▶ _YOUR INSTRUCTIONS_: Please retype the records below exactly as they stand.

(Short descriptive text snippets)
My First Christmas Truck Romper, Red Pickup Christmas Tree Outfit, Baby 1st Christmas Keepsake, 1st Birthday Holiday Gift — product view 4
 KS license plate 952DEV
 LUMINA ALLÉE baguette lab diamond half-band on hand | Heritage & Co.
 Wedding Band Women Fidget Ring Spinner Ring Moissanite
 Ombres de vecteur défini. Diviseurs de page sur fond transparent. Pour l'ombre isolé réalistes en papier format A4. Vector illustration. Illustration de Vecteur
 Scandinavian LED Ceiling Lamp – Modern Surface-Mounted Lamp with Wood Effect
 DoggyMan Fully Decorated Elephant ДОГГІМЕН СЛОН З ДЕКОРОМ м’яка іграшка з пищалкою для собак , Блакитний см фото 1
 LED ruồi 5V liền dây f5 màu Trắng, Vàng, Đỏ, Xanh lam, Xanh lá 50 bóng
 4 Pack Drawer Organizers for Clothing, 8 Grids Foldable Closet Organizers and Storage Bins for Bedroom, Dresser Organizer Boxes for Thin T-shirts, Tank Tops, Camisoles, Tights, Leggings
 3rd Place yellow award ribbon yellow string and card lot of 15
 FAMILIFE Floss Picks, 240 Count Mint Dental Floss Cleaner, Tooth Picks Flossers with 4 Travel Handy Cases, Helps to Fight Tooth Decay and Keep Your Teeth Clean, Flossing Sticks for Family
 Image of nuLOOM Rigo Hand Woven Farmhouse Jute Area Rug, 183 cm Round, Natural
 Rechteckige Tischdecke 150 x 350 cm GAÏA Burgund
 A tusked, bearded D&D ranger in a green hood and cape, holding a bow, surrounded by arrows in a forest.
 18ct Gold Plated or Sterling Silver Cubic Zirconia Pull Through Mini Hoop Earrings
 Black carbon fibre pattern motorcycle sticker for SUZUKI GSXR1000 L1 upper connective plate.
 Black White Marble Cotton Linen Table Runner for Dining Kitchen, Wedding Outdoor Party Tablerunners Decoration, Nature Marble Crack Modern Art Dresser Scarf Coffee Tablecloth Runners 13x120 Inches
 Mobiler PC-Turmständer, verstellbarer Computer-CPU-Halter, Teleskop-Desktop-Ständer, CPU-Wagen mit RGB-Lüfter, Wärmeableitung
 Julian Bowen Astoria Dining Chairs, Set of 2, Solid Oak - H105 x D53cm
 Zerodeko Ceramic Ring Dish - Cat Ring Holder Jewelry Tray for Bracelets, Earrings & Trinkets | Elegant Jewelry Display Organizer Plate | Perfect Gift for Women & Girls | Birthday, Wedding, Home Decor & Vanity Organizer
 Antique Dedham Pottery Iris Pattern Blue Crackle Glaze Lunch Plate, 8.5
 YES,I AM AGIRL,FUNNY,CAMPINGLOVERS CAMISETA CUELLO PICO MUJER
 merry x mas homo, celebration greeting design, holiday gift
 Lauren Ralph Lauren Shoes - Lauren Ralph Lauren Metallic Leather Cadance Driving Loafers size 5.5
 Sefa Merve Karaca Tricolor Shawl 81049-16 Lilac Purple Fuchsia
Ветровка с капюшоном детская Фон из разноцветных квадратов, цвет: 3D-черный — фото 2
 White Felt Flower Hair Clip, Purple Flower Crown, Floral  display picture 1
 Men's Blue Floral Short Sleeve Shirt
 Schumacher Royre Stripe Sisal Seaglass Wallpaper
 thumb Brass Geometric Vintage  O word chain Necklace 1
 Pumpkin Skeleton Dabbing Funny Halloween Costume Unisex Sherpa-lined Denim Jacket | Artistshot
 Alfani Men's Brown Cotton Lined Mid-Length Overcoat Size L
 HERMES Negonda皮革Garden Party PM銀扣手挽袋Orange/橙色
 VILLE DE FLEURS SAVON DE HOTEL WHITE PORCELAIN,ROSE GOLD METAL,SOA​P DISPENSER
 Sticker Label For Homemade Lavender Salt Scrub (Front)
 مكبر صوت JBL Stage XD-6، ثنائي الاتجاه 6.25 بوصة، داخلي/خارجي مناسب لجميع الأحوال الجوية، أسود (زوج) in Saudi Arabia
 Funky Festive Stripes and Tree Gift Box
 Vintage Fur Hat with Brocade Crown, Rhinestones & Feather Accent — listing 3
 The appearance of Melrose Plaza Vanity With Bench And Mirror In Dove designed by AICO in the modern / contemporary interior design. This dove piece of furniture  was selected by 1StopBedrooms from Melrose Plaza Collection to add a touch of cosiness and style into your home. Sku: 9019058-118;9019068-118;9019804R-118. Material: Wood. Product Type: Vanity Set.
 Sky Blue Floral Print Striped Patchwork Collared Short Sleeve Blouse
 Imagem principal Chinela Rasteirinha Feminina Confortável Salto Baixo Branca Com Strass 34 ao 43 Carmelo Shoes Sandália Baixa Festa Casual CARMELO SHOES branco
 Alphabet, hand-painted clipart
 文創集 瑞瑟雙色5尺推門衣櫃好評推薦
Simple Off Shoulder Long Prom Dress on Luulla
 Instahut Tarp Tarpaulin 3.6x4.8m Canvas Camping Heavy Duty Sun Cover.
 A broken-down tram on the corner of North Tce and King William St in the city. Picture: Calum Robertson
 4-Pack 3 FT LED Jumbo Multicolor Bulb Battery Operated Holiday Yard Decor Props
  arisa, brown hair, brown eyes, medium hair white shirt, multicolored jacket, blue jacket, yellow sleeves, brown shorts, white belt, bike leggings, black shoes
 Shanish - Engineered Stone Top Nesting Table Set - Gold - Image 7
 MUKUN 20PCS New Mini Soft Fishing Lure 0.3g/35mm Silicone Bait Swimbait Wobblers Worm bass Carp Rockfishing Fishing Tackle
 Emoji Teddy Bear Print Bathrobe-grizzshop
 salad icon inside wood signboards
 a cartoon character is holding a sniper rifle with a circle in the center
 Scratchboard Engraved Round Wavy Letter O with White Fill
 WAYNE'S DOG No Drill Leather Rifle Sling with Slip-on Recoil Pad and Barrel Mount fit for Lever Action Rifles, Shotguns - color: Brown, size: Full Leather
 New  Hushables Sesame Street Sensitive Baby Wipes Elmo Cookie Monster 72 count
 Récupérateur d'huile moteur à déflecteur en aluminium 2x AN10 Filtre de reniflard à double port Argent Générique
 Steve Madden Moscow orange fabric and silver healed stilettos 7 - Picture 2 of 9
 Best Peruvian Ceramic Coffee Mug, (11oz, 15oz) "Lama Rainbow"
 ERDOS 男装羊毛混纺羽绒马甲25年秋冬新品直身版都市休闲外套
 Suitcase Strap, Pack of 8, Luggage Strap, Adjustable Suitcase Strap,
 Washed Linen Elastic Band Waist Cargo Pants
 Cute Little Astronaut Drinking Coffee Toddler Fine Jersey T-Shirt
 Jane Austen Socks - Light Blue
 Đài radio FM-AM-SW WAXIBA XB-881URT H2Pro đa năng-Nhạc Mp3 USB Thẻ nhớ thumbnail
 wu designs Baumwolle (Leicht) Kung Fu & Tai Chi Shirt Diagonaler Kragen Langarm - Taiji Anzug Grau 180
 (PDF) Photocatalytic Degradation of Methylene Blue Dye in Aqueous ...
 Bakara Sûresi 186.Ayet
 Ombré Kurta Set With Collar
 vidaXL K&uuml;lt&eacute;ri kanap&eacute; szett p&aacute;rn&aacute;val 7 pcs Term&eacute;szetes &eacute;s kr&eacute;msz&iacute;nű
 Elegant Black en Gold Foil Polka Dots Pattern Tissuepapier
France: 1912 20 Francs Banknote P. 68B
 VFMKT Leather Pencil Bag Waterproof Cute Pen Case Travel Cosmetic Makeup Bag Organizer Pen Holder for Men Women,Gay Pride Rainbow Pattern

▶ _OUTPUT FOR THIS EXERCISE_:
My First Christmas Truck Romper, Red Pickup Christmas Tree Outfit, Baby 1st Christmas Keepsake, 1st Birthday Holiday Gift — product view 4
 KS license plate 952DEV
 LUMINA ALLÉE baguette lab diamond half-band on hand | Heritage & Co.
 Wedding Band Women Fidget Ring Spinner Ring Moissanite
 Ombres de vecteur défini. Diviseurs de page sur fond transparent. Pour l'ombre isolé réalistes en papier format A4. Vector illustration. Illustration de Vecteur
 Scandinavian LED Ceiling Lamp – Modern Surface-Mounted Lamp with Wood Effect
 DoggyMan Fully Decorated Elephant ДОГГІМЕН СЛОН З ДЕКОРОМ м’яка іграшка з пищалкою для собак , Блакитний см фото 1
 LED ruồi 5V liền dây f5 màu Trắng, Vàng, Đỏ, Xanh lam, Xanh lá 50 bóng
 4 Pack Drawer Organizers for Clothing, 8 Grids Foldable Closet Organizers and Storage Bins for Bedroom, Dresser Organizer Boxes for Thin T-shirts, Tank Tops, Camisoles, Tights, Leggings
 3rd Place yellow award ribbon yellow string and card lot of 15
 FAMILIFE Floss Picks, 240 Count Mint Dental Floss Cleaner, Tooth Picks Flossers with 4 Travel Handy Cases, Helps to Fight Tooth Decay and Keep Your Teeth Clean, Flossing Sticks for Family
 Image of nuLOOM Rigo Hand Woven Farmhouse Jute Area Rug, 183 cm Round, Natural
 Rechteckige Tischdecke 150 x 350 cm GAÏA Burgund
 A tusked, bearded D&D ranger in a green hood and cape, holding a bow, surrounded by arrows in a forest.
 18ct Gold Plated or Sterling Silver Cubic Zirconia Pull Through Mini Hoop Earrings
 Black carbon fibre pattern motorcycle sticker for SUZUKI GSXR1000 L1 upper connective plate.
 Black White Marble Cotton Linen Table Runner for Dining Kitchen, Wedding Outdoor Party Tablerunners Decoration, Nature Marble Crack Modern Art Dresser Scarf Coffee Tablecloth Runners 13x120 Inches
 Mobiler PC-Turmständer, verstellbarer Computer-CPU-Halter, Teleskop-Desktop-Ständer, CPU-Wagen mit RGB-Lüfter, Wärmeableitung
 Julian Bowen Astoria Dining Chairs, Set of 2, Solid Oak - H105 x D53cm
 Zerodeko Ceramic Ring Dish - Cat Ring Holder Jewelry Tray for Bracelets, Earrings & Trinkets | Elegant Jewelry Display Organizer Plate | Perfect Gift for Women & Girls | Birthday, Wedding, Home Decor & Vanity Organizer
 Antique Dedham Pottery Iris Pattern Blue Crackle Glaze Lunch Plate, 8.5
 YES,I AM AGIRL,FUNNY,CAMPINGLOVERS CAMISETA CUELLO PICO MUJER
 merry x mas homo, celebration greeting design, holiday gift
 Lauren Ralph Lauren Shoes - Lauren Ralph Lauren Metallic Leather Cadance Driving Loafers size 5.5
 Sefa Merve Karaca Tricolor Shawl 81049-16 Lilac Purple Fuchsia
Ветровка с капюшоном детская Фон из разноцветных квадратов, цвет: 3D-черный — фото 2
 White Felt Flower Hair Clip, Purple Flower Crown, Floral  display picture 1
 Men's Blue Floral Short Sleeve Shirt
 Schumacher Royre Stripe Sisal Seaglass Wallpaper
 thumb Brass Geometric Vintage  O word chain Necklace 1
 Pumpkin Skeleton Dabbing Funny Halloween Costume Unisex Sherpa-lined Denim Jacket | Artistshot
 Alfani Men's Brown Cotton Lined Mid-Length Overcoat Size L
 HERMES Negonda皮革Garden Party PM銀扣手挽袋Orange/橙色
 VILLE DE FLEURS SAVON DE HOTEL WHITE PORCELAIN,ROSE GOLD METAL,SOA​P DISPENSER
 Sticker Label For Homemade Lavender Salt Scrub (Front)
 مكبر صوت JBL Stage XD-6، ثنائي الاتجاه 6.25 بوصة، داخلي/خارجي مناسب لجميع الأحوال الجوية، أسود (زوج) in Saudi Arabia
 Funky Festive Stripes and Tree Gift Box
 Vintage Fur Hat with Brocade Crown, Rhinestones & Feather Accent — listing 3
 The appearance of Melrose Plaza Vanity With Bench And Mirror In Dove designed by AICO in the modern / contemporary interior design. This dove piece of furniture  was selected by 1StopBedrooms from Melrose Plaza Collection to add a touch of cosiness and style into your home. Sku: 9019058-118;9019068-118;9019804R-118. Material: Wood. Product Type: Vanity Set.
 Sky Blue Floral Print Striped Patchwork Collared Short Sleeve Blouse
 Imagem principal Chinela Rasteirinha Feminina Confortável Salto Baixo Branca Com Strass 34 ao 43 Carmelo Shoes Sandália Baixa Festa Casual CARMELO SHOES branco
 Alphabet, hand-painted clipart
 文創集 瑞瑟雙色5尺推門衣櫃好評推薦
Simple Off Shoulder Long Prom Dress on Luulla
 Instahut Tarp Tarpaulin 3.6x4.8m Canvas Camping Heavy Duty Sun Cover.
 A broken-down tram on the corner of North Tce and King William St in the city. Picture: Calum Robertson
 4-Pack 3 FT LED Jumbo Multicolor Bulb Battery Operated Holiday Yard Decor Props
  arisa, brown hair, brown eyes, medium hair white shirt, multicolored jacket, blue jacket, yellow sleeves, brown shorts, white belt, bike leggings, black shoes
 Shanish - Engineered Stone Top Nesting Table Set - Gold - Image 7
 MUKUN 20PCS New Mini Soft Fishing Lure 0.3g/35mm Silicone Bait Swimbait Wobblers Worm bass Carp Rockfishing Fishing Tackle
 Emoji Teddy Bear Print Bathrobe-grizzshop
 salad icon inside wood signboards
 a cartoon character is holding a sniper rifle with a circle in the center
 Scratchboard Engraved Round Wavy Letter O with White Fill
 WAYNE'S DOG No Drill Leather Rifle Sling with Slip-on Recoil Pad and Barrel Mount fit for Lever Action Rifles, Shotguns - color: Brown, size: Full Leather
 New  Hushables Sesame Street Sensitive Baby Wipes Elmo Cookie Monster 72 count
 Récupérateur d'huile moteur à déflecteur en aluminium 2x AN10 Filtre de reniflard à double port Argent Générique
 Steve Madden Moscow orange fabric and silver healed stilettos 7 - Picture 2 of 9
 Best Peruvian Ceramic Coffee Mug, (11oz, 15oz) "Lama Rainbow"
 ERDOS 男装羊毛混纺羽绒马甲25年秋冬新品直身版都市休闲外套
 Suitcase Strap, Pack of 8, Luggage Strap, Adjustable Suitcase Strap,
 Washed Linen Elastic Band Waist Cargo Pants
 Cute Little Astronaut Drinking Coffee Toddler Fine Jersey T-Shirt
 Jane Austen Socks - Light Blue
 Đài radio FM-AM-SW WAXIBA XB-881URT H2Pro đa năng-Nhạc Mp3 USB Thẻ nhớ thumbnail
 wu designs Baumwolle (Leicht) Kung Fu & Tai Chi Shirt Diagonaler Kragen Langarm - Taiji Anzug Grau 180
 (PDF) Photocatalytic Degradation of Methylene Blue Dye in Aqueous ...
 Bakara Sûresi 186.Ayet
 Ombré Kurta Set With Collar
 vidaXL K&uuml;lt&eacute;ri kanap&eacute; szett p&aacute;rn&aacute;val 7 pcs Term&eacute;szetes &eacute;s kr&eacute;msz&iacute;nű
 Elegant Black en Gold Foil Polka Dots Pattern Tissuepapier
France: 1912 20 Francs Banknote P. 68B
 VFMKT Leather Pencil Bag Waterproof Cute Pen Case Travel Cosmetic Makeup Bag Organizer Pen Holder for Men Women,Gay Pride Rainbow Pattern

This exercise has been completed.